Lecture 38

Qi Wang, Department of Statistics

Nov 29, 2017

- Five Number Summary: Min, Q1, Median, Q3, Max
- IQR = Q3 - Q1
- Outlier bound: $Q1 - 1.5 \times IQR, Q3 + 1.5 \times IQR$
- The
**joint distribution**of the 2 categorical variables is the proportion of total cases in a cell, Joint distributions use or imply “AND”. (i.e intersection) - The
**marginal distribution**allows us to study 1 variable at a time.
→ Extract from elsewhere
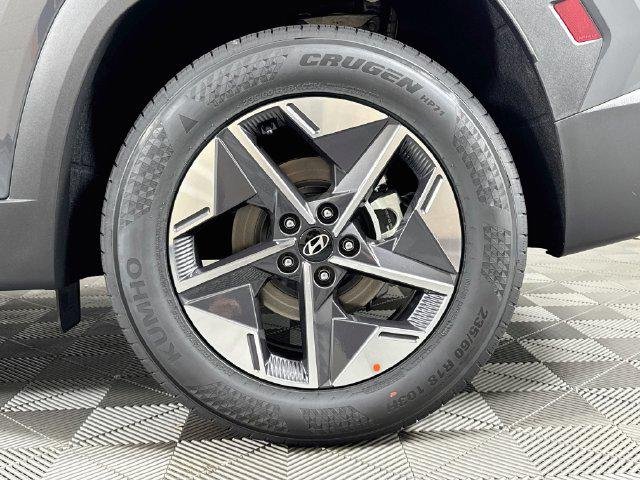 New 2026 Gray Hyundai SEL FWD image 45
The marginal distributions of each categorical variable are obtained from row and column totals. - In
**conditional distributions**, we find the distribution of one categorical variable given a common level of another categorical variable. Look for key words to indicate a conditional—“given”, “knowing”, etc.

We want to know if there is a relationship between two qualitative (categorical) variables, if there is no relationship, then the two are considered independent.
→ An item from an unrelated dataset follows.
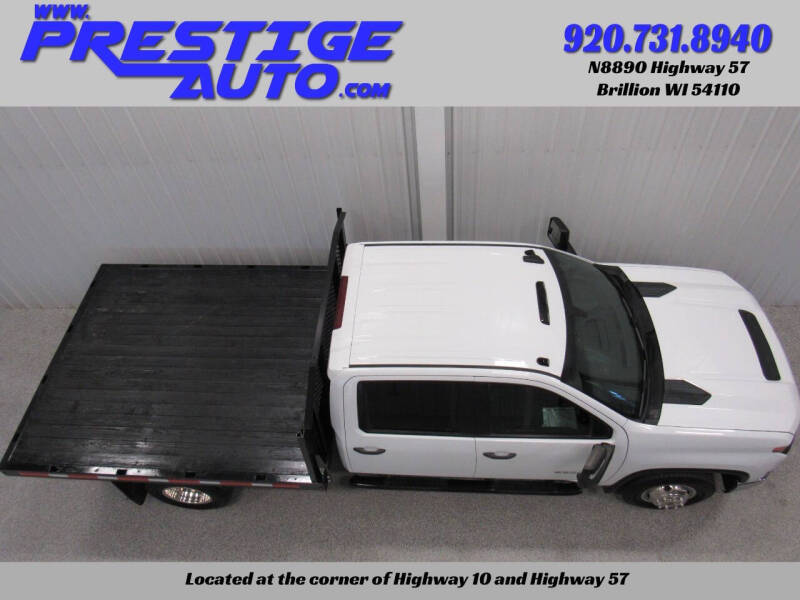 2022 Chevrolet Silverado 3500HD Work Truck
We will use the crosstab table to test whether there is a relationship. Returning to our example in previous lecture, suppose we wanted to do the following test:

- $H_0:$ there
**is no**relationship between Letter Grades and Class Time - $H_a:$ There
**is**a relationship between Letter Grades and Class Time

Note $H_0$ is called the null hypothesis, $H_a$ is the alternative hypothesis

We are using the information in the crosstab table to determine whether the data supports the null or alternative hypothesis. We will conduct a hypothesis test!

- State the Null and Alternative hypothesis
- Determine the confidence level and the significance level $\alpha$
- Find the test statistic $\chi^2$
- Determine the degrees of freedom needed to use the $\chi^2$ table
- Find the $\chi^2$ critical value from the $\chi^2$ table. Compare critical value from the table to the calculated $\chi^2$ value.
- State the conclusion in terms of the problem

- $H_0:$ there
**is no**relationship between the row and column variables - $H_a:$ There
**is**a relationship between the row and column variables

$$\alpha = 1 - confidence level$$ Typical confidence levels are 90%, 95% and 99% so $\alpha$ is typically 0.10, 0.05, 0.01.
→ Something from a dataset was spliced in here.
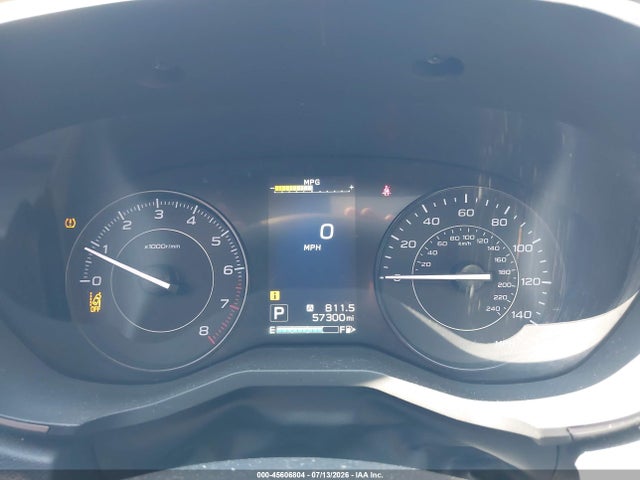 Aukcja sprzedaży 2019 Subaru Impreza 2.0i Premium, vin: 4S3GTAD63K3737690, numer aukcji: 45606804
To test the null hypothesis, compare observed cell counts with expected cell counts calculated under the assumption that the null hypothesis is true. The Chi-square statistic, $\chi^2$, is a measure of how far the observed counts in the two-way table are from the expected counts. The formula for the statistic is $$\chi^2 = \sum{(\frac{\textit{observed cell count} - \textit{expected cell count})^2}{\textit{expected cell count} }}$$ $$\textit{expected cell count} = \frac{\textit{row total}\times \textit{column total}}{\textit{overall total}}$$ $$\textit{observed cell count} = \textit{actual cell count}$$ We sum is over all cells in the table. So to get the overall value of $\chi^2$, calculate each cell’s expected count and each cell’s partial $\chi^2$. Add all the partial $\chi^2$ values for the overall.

- If the table value $< \chi^2$ (from calculation) then REJECT $H_0$
- If the table value $> \chi^2$ (from calculation) then DO NOT REJECT $H_0$

- If rejecting $H_0$: Evidence shows that there is a relationship between the row variable and the column variable. (or state that evidence shows the two are not independent)
- If NOT rejecting $H_0$: Evidence shows that there is NOT a relationship between row variable and column variable. (or state that evidence shows that the two are independent.)

**IMPORTANT NOTE:** We NEVER Accept, and NEVER say Prove. There is always that chance that we are making the incorrect conclusion. Also the decision to reject or not is ALWAYS in terms of the NULL Hypothesis. (e.g. DO NOT say reject $H_a$)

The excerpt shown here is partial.